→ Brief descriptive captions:

Segment Open

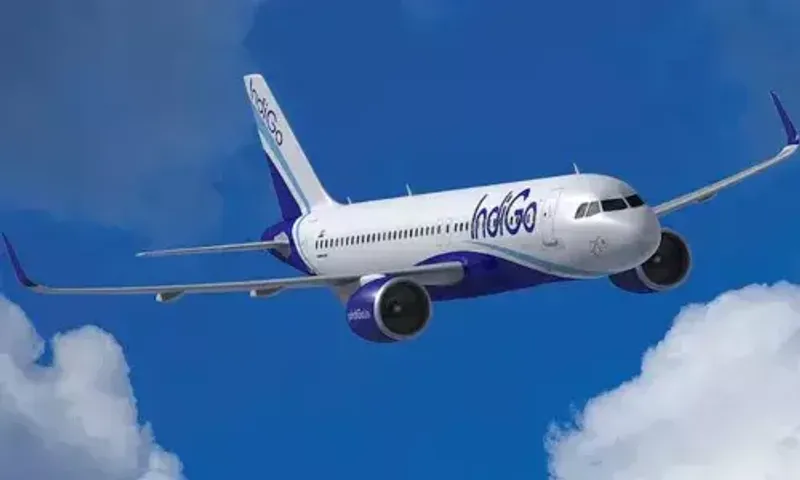 Almost 50 aircrafts of IndiGo, GoFirst grounded due to unavailability of parts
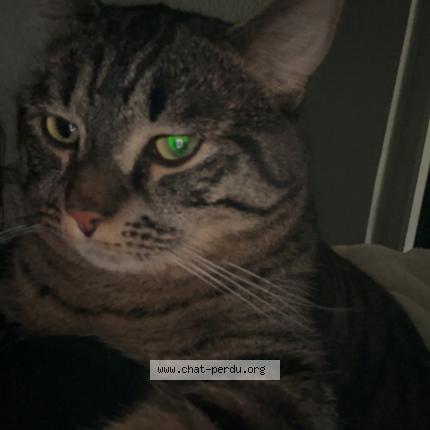 Photo 1/1 Simba Chat perdu à Sallanches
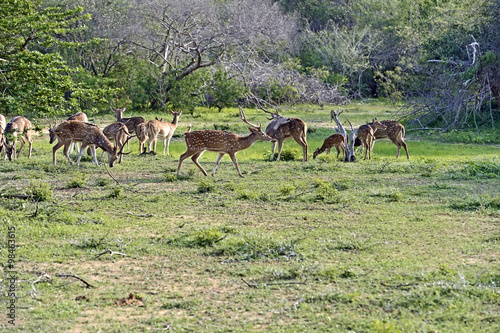 Asian sika deer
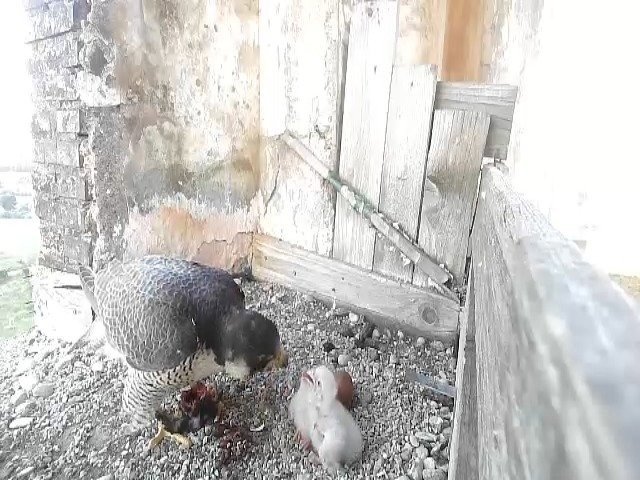 birdcam_25-4-2021-6-27.jpg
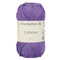Catania Viola 00113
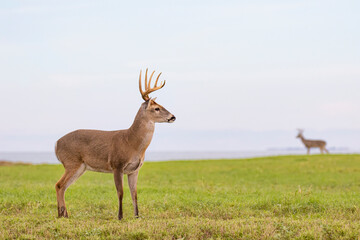 White-tailed Deer (Odocoileus virginianus) buck in meadow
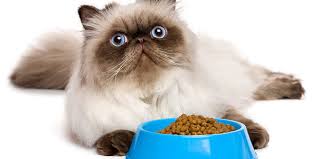 Check spelling or type a new query. 10 Makanan Kucing Persia Terbaik Cara Memberi Makannya Pintarpet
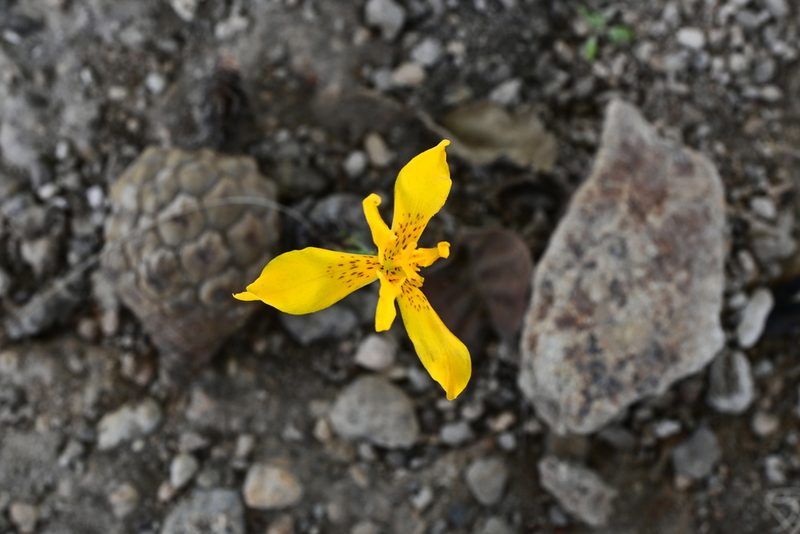 Tigridia dugesii, photographed by Dante S. Figueroa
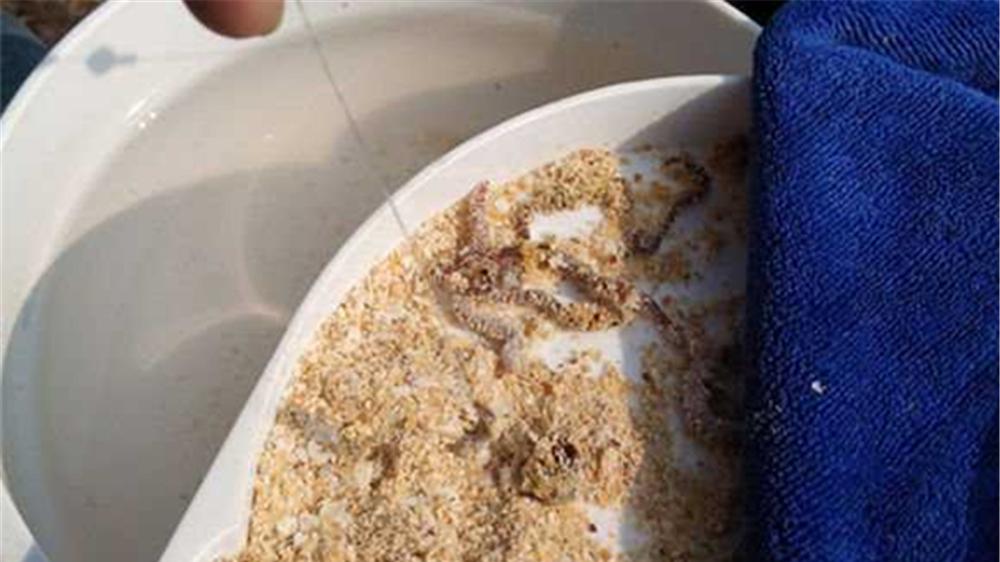 同样用蚯蚓野钓，每次只有仨瓜俩枣，是你真的不会用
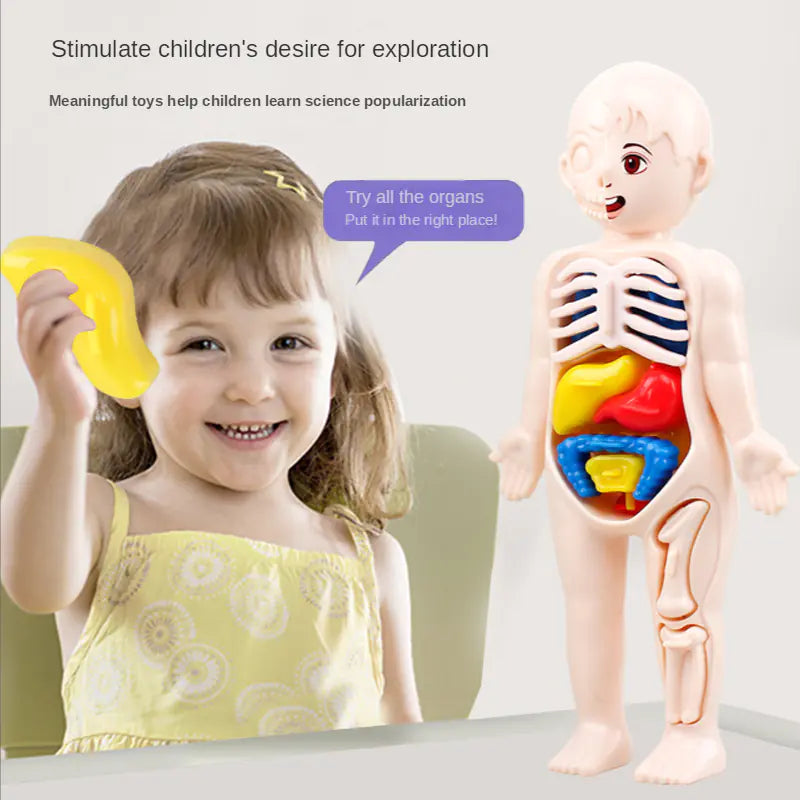Children DIY Human Organ Model Educational Toy for Human Organ Structure Model.
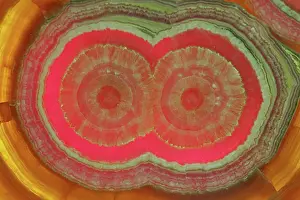 Rhodochrosite: Rhodochrosite - Argentina - manganese carbonate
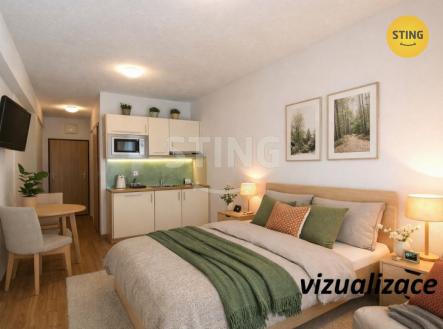 Pronájem bytu, 1+kk, 24 m²
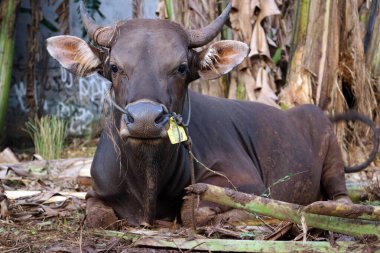 Kahverengi ve siyah Bima inekleri avluda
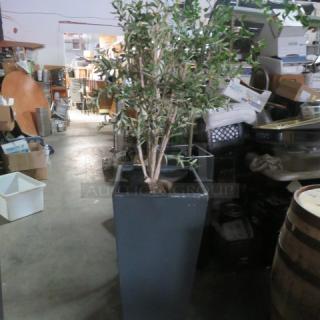 Tall planter with lush tree, dimensions 18.5x18.5x36 inches, housed in an industrial setting.
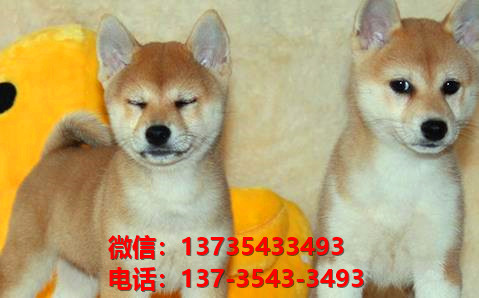 北海犬舍出售柴犬 宠物狗狗市场在哪 哪里有正宗柴犬卖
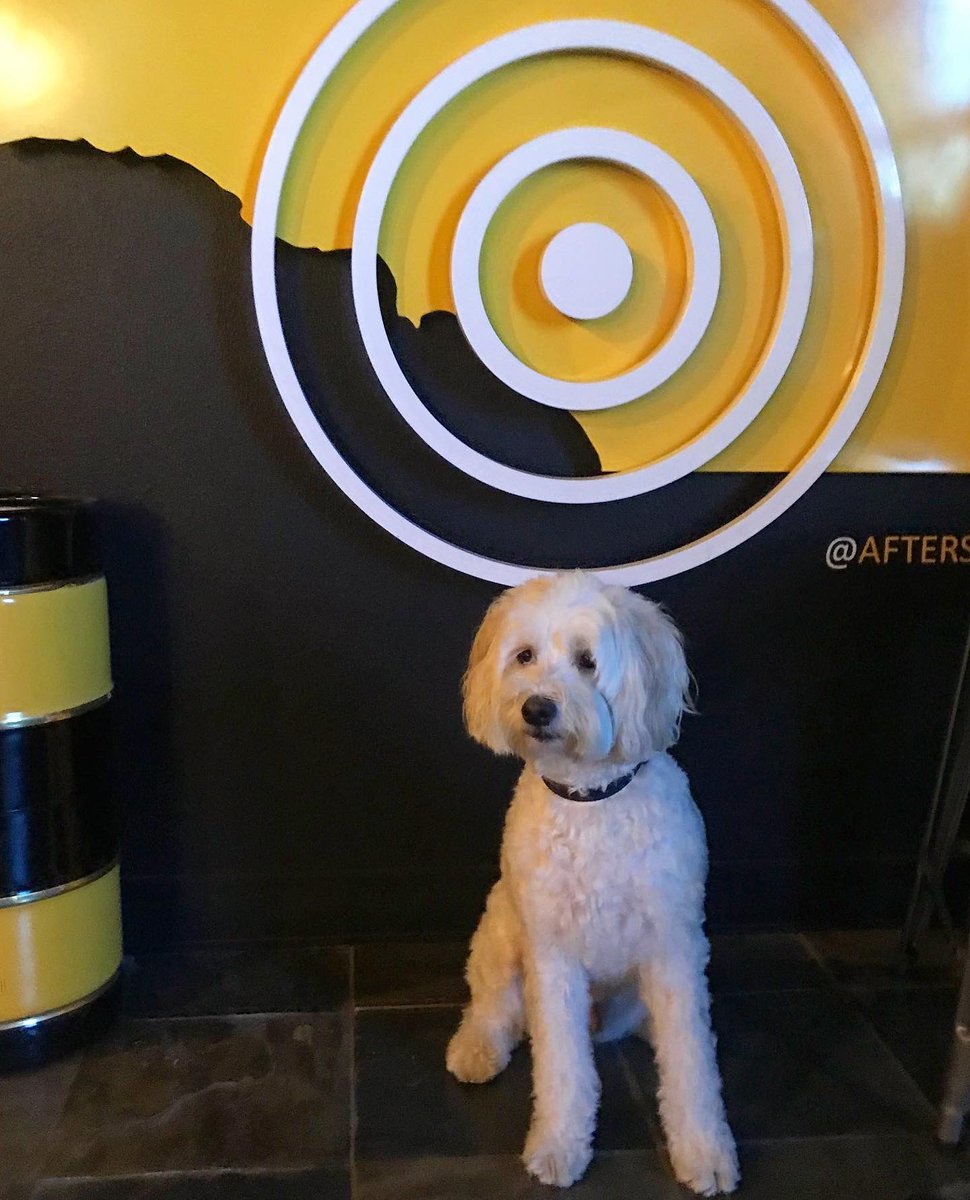 Dog Dayz 🍺🐶 

Happy #InternationalDogDay! Come celebrate with your best friend at our dog friendly patio, open from 2-8pm today 🍻 It’ll be pawesome 😎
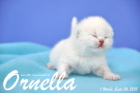 Ornella ist 1 Woche alt geworden (26.09.2015)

Segment Closed

Output an exact copy of the lines from the one with "birdcam_25-4-2021-6-27.jpg" through the closing line of the records, inclusive, without any images.

 birdcam_25-4-2021-6-27.jpg
Catania Viola 00113
 White-tailed Deer (Odocoileus virginianus) buck in meadow
 Check spelling or type a new query. 10 Makanan Kucing Persia Terbaik Cara Memberi Makannya Pintarpet
 Tigridia dugesii, photographed by Dante S. Figueroa
 同样用蚯蚓野钓，每次只有仨瓜俩枣，是你真的不会用
Children DIY Human Organ Model Educational Toy for Human Organ Structure Model.
 Rhodochrosite: Rhodochrosite - Argentina - manganese carbonate
 Pronájem bytu, 1+kk, 24 m²
 Kahverengi ve siyah Bima inekleri avluda
 Tall planter with lush tree, dimensions 18.5x18.5x36 inches, housed in an industrial setting.
 北海犬舍出售柴犬 宠物狗狗市场在哪 哪里有正宗柴犬卖
 Dog Dayz 🍺🐶 

Happy #InternationalDogDay! Come celebrate with your best friend at our dog friendly patio, open from 2-8pm today 🍻 It’ll be pawesome 😎
 Ornella ist 1 Woche alt geworden (26.09.2015)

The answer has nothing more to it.